Wafer isn’t just size, where bigger holds more. Wafer is also series ofimages, not always same, yet ,each is imbeded one at time. so maybe get X% more for smaller nm, yet that takes X% more time to complete expousure of wafer, thus more cost, especially with high failure rate. Thus 40% longer than already proven process.
drashek md pile=Data Bank….
Your reply is completely unrelated to my comment. Good job mate, keep it up.
Don’t worry, what thomasxstewart says is never really related to anything.
besides 2mucruaoo replyed2 below, Present state has two cores run by 1 floating point & second branch prediction unit, so Floating point can split software up to know best routes thru L1 cache & specific software item.

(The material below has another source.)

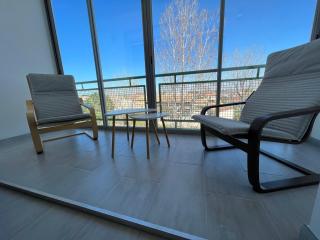 Superbe appartement climatisé, 2 chambres à 200m de la plage - Le Grau-du-Roi - 4
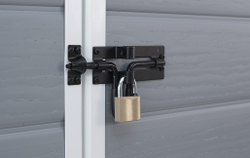 Пластиковый сарай Keter Manor Pent 6x4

However, testers complain that one floating point unit lower actual number of tranee’ firing, which is standard score.
Well, by Thanksgiving, on Actual Game Tests, value of Bulldozer core will Be Better understood. How well do branch Prediction, & stoeage into work of L2.L3 as guide into two cores work, is it better & what is hand. who needs full yieds when engineering is bit on testbed.
mainbly results are:iLOVE Me.Drashek Dahologist….
Is this one a bot? Some sort of experiment at AI? People just discuss how off-topic his replies are and he goes on creating another one without even touching the observations?
Well, if this is an AI, somebody taught it grammar pretty well. Never seen an AI compose such sentences before. Can I get sources?
Well, Eye Nev’r. Thought Pricing & wafer size Vs. Yields. OK comment below on pci-e3.0 might help explain why 7XXX series are still pci-e2.1.
On 4xxx/5xxx rumble thru Jungle of 45 nm to 40 nm. about few days ago, mention’d lack of normal HKMG to LKMG then Mirror of die to lower nm process as HKMG then final as lkmg. That normal route did not take, as module took some time to develope. as need to add more sontrol thru out die, just stream core processors had problem of meaning to software. so slowly went back & forth, needing more time. up till 4xxx from 1xxx,2xxx,3xxx problems with compatibility with Vista 32 NT6 overwhelmed any idea of module. now both Vista as -=7=- 64 bit & module are in, if only pci-e3.o where standardized, to complete process.
drashek md
No PCIe 3.0 mobo yet so its useless at this moment. It’s like making DDR4 RAM while no mobo supports it.
Any 3.0 card will be backwards compatible so it’s really nothing like your comparison (you can still make us of the part, it’s not wasted).
That almost makes sense, keep it up….
Dude, i really love you.
Long Live Drashek!
Qick reply to merkulass, after -=7=- worked thru All hardware, especially expanding bandwith for larger footprint, problems with mlticore to reach 100% made TRY ANYTHING game, keeping working stuff & redoing, until, now, nearly completely 100% best 3 core module ever.
TS vondrashek RED’r.
The name is right there – in text – and in the “Leave a Reply to x” text above the reply box – and you STILL get it completely wrong.
This is why I use your text in my RNG. It’s about as good as any other entropy source.
Dude, you can’t expect anything but jibberish from drashek.
If it’s gibberish to you, maybe you’re not looking hard enough.
Ah AMD, how quickly you forget one of your old CEO’s famous sayings: “Real men have fabs…”
Jerry Sanders, where are you now and are you smiling?